First of all…
Cheers and thanks for this amazing Project. I nearly waited for four Years for something like this.
I can’t explain how grateful I am…
So after I had reached 12% in german, I was determined to reach these results with other languages aswell.
long story short…
I build some python scripts to collect/sort and clean datasets for deepspeech.
You can prepare trainings data with just one command.
i tried to make it as user-friendly and convenient as possible.
Any suggestions or questions are welcome. If you have any idea for future features, let me know.
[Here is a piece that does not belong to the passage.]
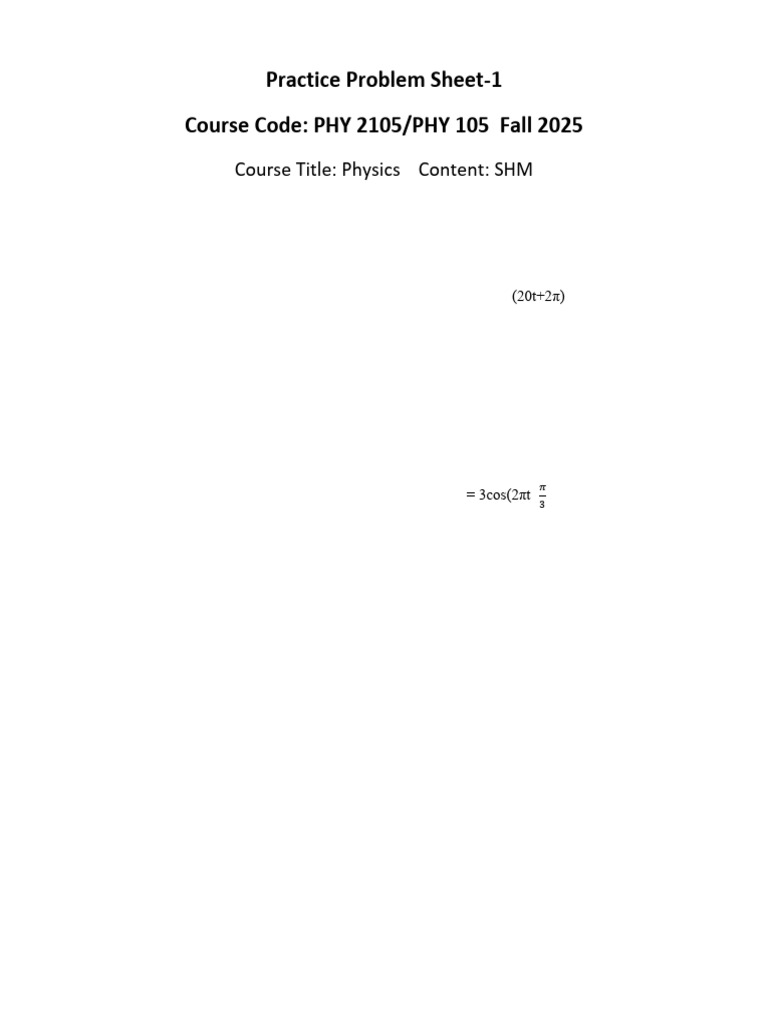 Practice Problems - Fall 25 - PHY 105 - 2105 | PDF | Oscillation | Velocity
and share your results/arguments.
If you know some more datasets for the languages below plz share them with me.
Maybe you can write your government if they are holding back data like in the netherlands. They are damaging only themselves…
I will integrate them aswell.
Datasets so far :
common voice
voxforge
librivox
spoken wiki (aligner is broken - will be fixed with the next version)
tatoeba
tuda
zamia
vystadial
african accented french
nicolas french
i won’t put the download links for the cv dataset in the db because of the agb.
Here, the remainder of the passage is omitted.